Anybody else beat those stats prices?????

Oh and the fish is easy to eat. Down in 20 seconds yummy. I couldnt do that

with chicken...


----------



## dixie normus (May 11, 2008)

Hope its not panagius...

Although its probably more than one source, likely panagius, coley, and Alaskan Pollock.

You can get frozen Cod and Haddock for only a few pence more. At least you know what you are getting with them:thumb:


----------



## nws (May 18, 2009)

Get on the talapia from aldi!! £2.50 in the frozen bit


----------



## uklad09 (Oct 1, 2009)

whats wrong with panagius? its packed in china!

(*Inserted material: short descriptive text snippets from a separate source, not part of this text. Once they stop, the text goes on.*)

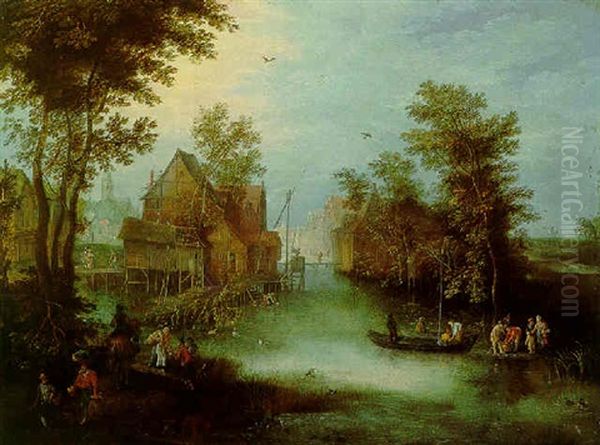 A River Landscape With Fishermen, Washerwomen And Travellers, A Village Beyond by Peter Gysels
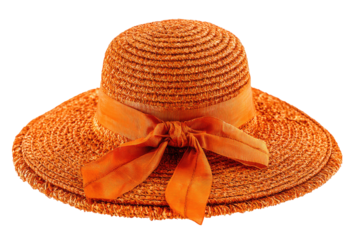Orange straw sun hat with wide brim and bow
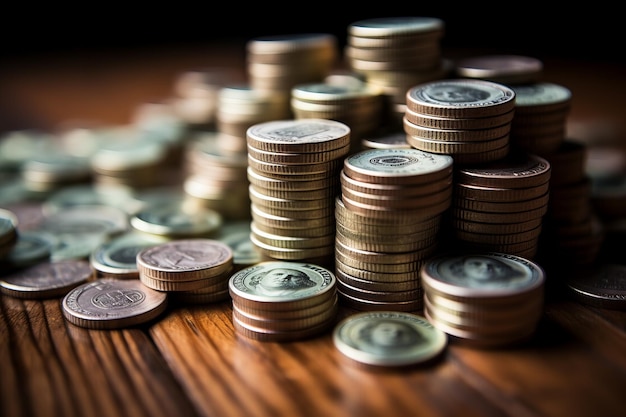 Photo stacks of american one dollar coins on a wooden table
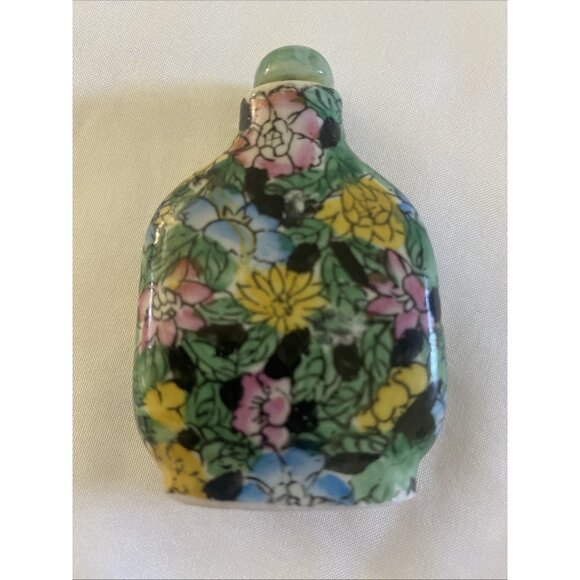 The Unbranded Brand Other - Antique Chinese Snuff Bottle Dauber Multi Color Floral Porcelain Quain Long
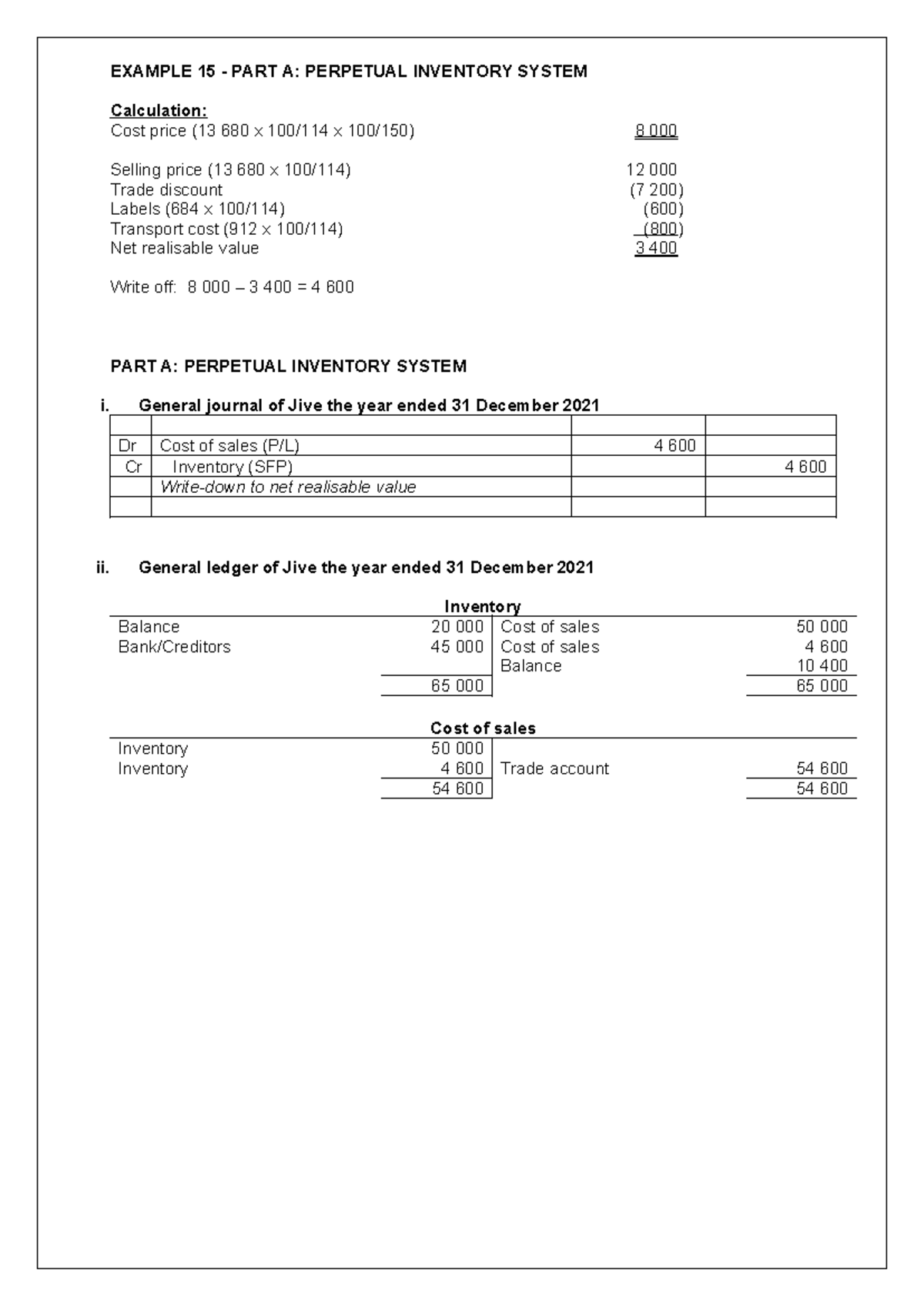 Example 15 Solution: Perpetual Inventory System Analysis - Studocu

How big is that bag of talapia mate?


----------



## mal (Dec 31, 2009)

is that frozen weight,they do shrink a bit when cooked.good clean food.


----------



## NoGutsNoGlory (Jun 11, 2009)

dixie normus said:


> Hope its not panagius...
> 
> Although its probably more than one source, likely panagius, coley, and Alaskan Pollock.
> 
> You can get frozen Cod and Haddock for only a few pence more. At least you know what you are getting with them:thumb:


I'm guessing here, but is that the same fish as the "indian river cobbler" they sell in tesco's?


----------



## dixie normus (May 11, 2008)

NoGutsNoGlory said:


> I'm guessing here, but is that the same fish as the "indian river cobbler" they sell in tesco's?


Yup. Farmed off vietnam. They grow quicker than the amount of feed given. There is some conjecture on the web that injected hormones are involved to fuel this growth. Although BBC Watchdog allegedly bought some and got it tested in a lab and found nothing that they should not have.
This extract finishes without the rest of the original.